__Supplied records__
§

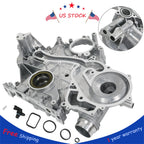 Aluminum Timing Cover for Ford Super Duty 250 350 6.7L (2011–2016)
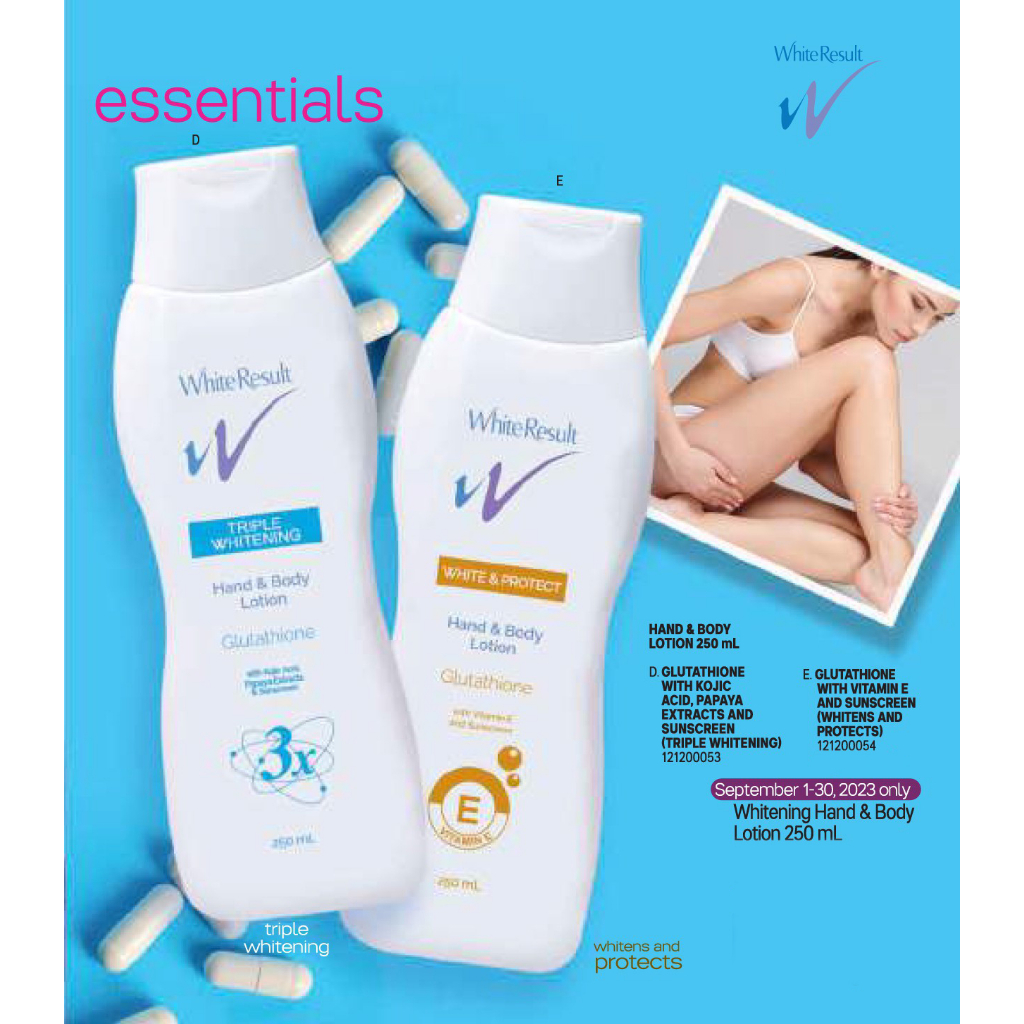 Tupperware 250ml White Results Hand & Body Lotions | Shopee Philippines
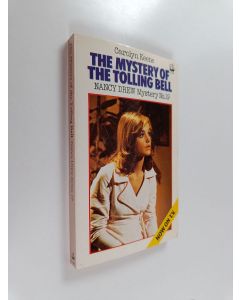 Kirjailijan Carolyn Keene käytetty kirja The Mystery of the Tolling Bell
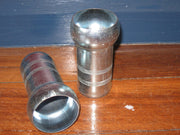 Nilfisk and Tellus Industrial Vacuum Cleaner Hose 50mm Ball End Long and Knurled - TVD The Vacuum Doctor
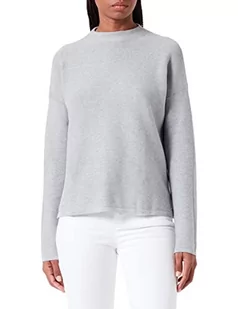 TOM TAILOR Denim Damski sweter 1034501, 10367 - Light Silver Grey Melange, XXL - Swetry damskie - miniaturka - grafika 1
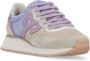 Wushu Master Sport Lage sneakers Dames Beige - Thumbnail 14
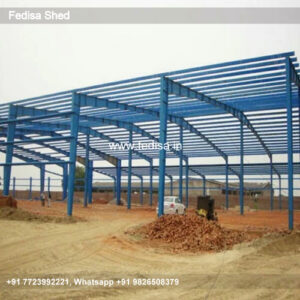 Industrial Shed Design with Premium Steel Architecture No-1255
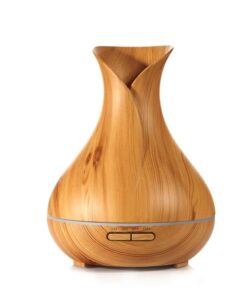 Aroma Essential Oil Diffuser Q-T58 - Brown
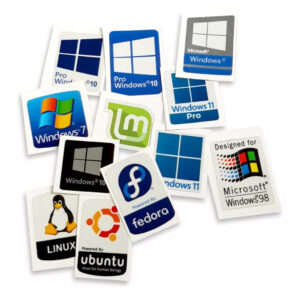 Kit 10 adesivos para gabinetes (a escolha) - Amd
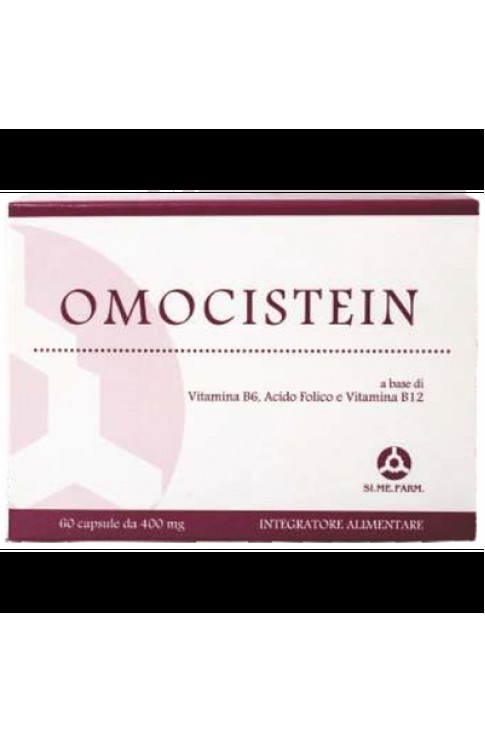 Omocistein 60 Capsule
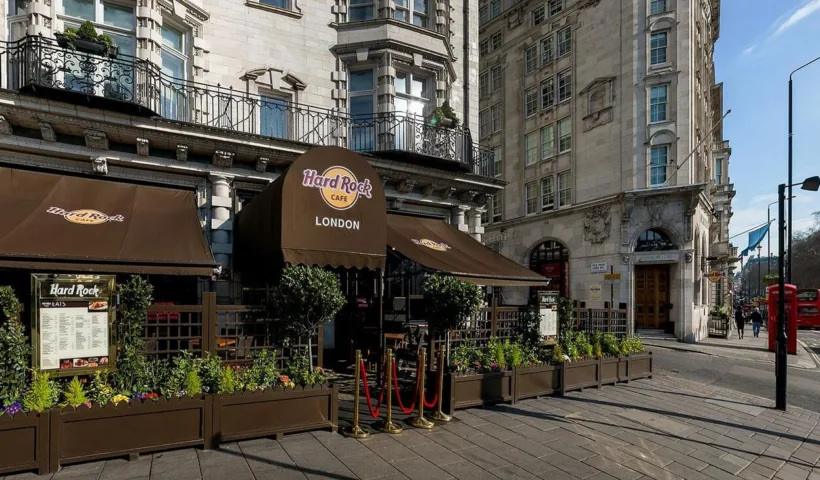 Hard Rock Cafe London at Mayfair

§

__Your instructions__
Look above for the line with "Kirjailijan Carolyn Keene" and the line with "Omocistein 60 Capsule". Copy them and every line between, exactly, but no pictures.

__Solution__
 Kirjailijan Carolyn Keene käytetty kirja The Mystery of the Tolling Bell
 Nilfisk and Tellus Industrial Vacuum Cleaner Hose 50mm Ball End Long and Knurled - TVD The Vacuum Doctor
 TOM TAILOR Denim Damski sweter 1034501, 10367 - Light Silver Grey Melange, XXL - Swetry damskie - miniaturka - grafika 1
 Wushu Master Sport Lage sneakers Dames Beige - Thumbnail 14
 Industrial Shed Design with Premium Steel Architecture No-1255
 Aroma Essential Oil Diffuser Q-T58 - Brown
 Kit 10 adesivos para gabinetes (a escolha) - Amd
 Omocistein 60 Capsule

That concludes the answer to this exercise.